I have tried making these changes as AAN additional external editor, but the buttons remain grayed out.


----------



## Hal P Anderson (Apr 5, 2016)

Click in the Preset box and choose the one you want to modify. Make your changes. _Then click in the preset box again and choose "Updatte preset"._


----------



## aphillips4745 (Apr 5, 2016)

Hal P Anderson said:


> Click in the Preset box and choose the one you want to modify. Make your changes. _Then click in the preset box again and choose "Updatte preset"._


I don't understand "click in the preset box"
I am doing the following:
Edit>Preferences>External Editing, and then making my new selections.
if I Edit>Presets, I do not see any "external editing" options.


----------



## Johan Elzenga (Apr 5, 2016)

aphillips4745 said:


> Using LR6 and PSE14
> I am trying to change my external editing preferences from:
> 
> Edit in Adobe Photoshop Elements Editor
> ...



What dialog are you talking about? I don't have any of those buttons...


----------



## aphillips4745 (Apr 5, 2016)

JohanElzenga said:


> What dialog are you talking about? I don't have any of those buttons...
> 
> View attachment 7489


Below is a snip of my preferences dialog box  The buttons are hidden under the task bar at the bottom.


----------



## Johan Elzenga (Apr 5, 2016)

So ignore those buttons, your settings are as you wanted... Just dismiss the dialog by clicking in the upper right corner.

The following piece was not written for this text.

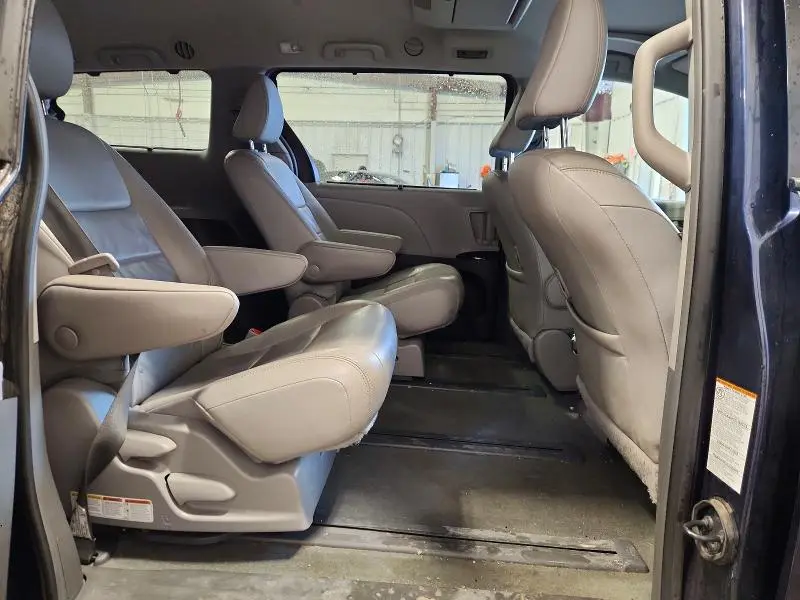 2018 TOYOTA SIENNA XLE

The only thing I'm not sure about is if PSE supports all color spaces (so also ProPhotoRGB). That may be the reason why you can't click OK.


----------



## Jim Wilde (Apr 5, 2016)

aphillips4745 said:


> Below is a snip of my preferences dialog box  The buttons are hidden under the task bar at the bottom.
> View attachment 7490



I think the first thing you should do is reset your preferences file, as it looks corrupted. This is how the External Editing menu should look on a Windows system (note that all the option labels are not showing in your screenshot):


----------



## aphillips4745 (Apr 6, 2016)

Much ado about nothing!
It turns out that my taskbar was interfering with the buttons in the LR External editing dialog box.  It took a few hours to actually find out how to get support from Adobe, but I finally got connected to their tech support chat, and the specialist changed my task bar settings, and I was able to change my editing preferences.  But as Johan suggested, PSE does not support the 16 bit (it opens the file, but you can not really do any editing).  So I am back to my original settings.  At least I learned how to get support from Adobe.


----------